Produce a verbatim copy of the following records, leaving out all pictures.

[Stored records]
----

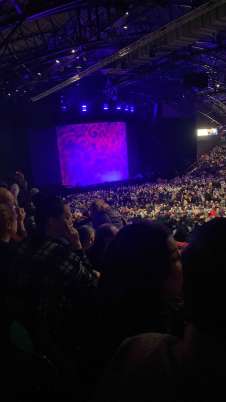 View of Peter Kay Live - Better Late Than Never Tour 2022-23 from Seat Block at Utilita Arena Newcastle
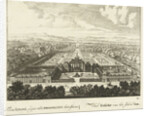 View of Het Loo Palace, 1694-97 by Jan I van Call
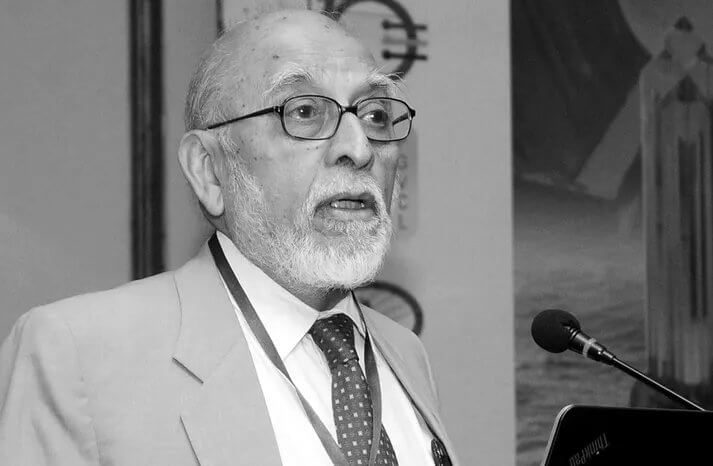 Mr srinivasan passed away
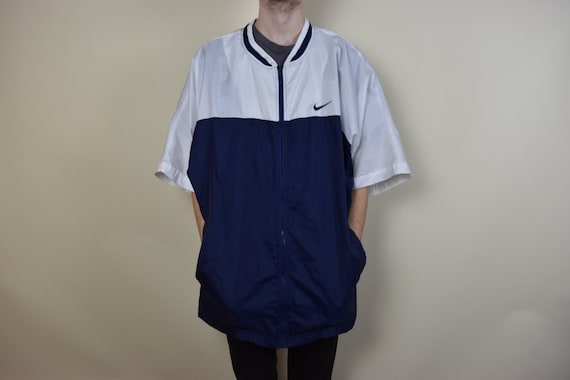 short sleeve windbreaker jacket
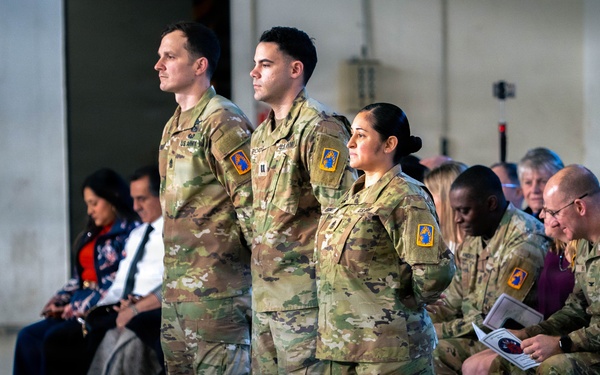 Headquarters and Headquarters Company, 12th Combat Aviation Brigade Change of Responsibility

----

Task solution:
 View of Peter Kay Live - Better Late Than Never Tour 2022-23 from Seat Block at Utilita Arena Newcastle
 View of Het Loo Palace, 1694-97 by Jan I van Call
 Mr srinivasan passed away
 short sleeve windbreaker jacket
 Headquarters and Headquarters Company, 12th Combat Aviation Brigade Change of Responsibility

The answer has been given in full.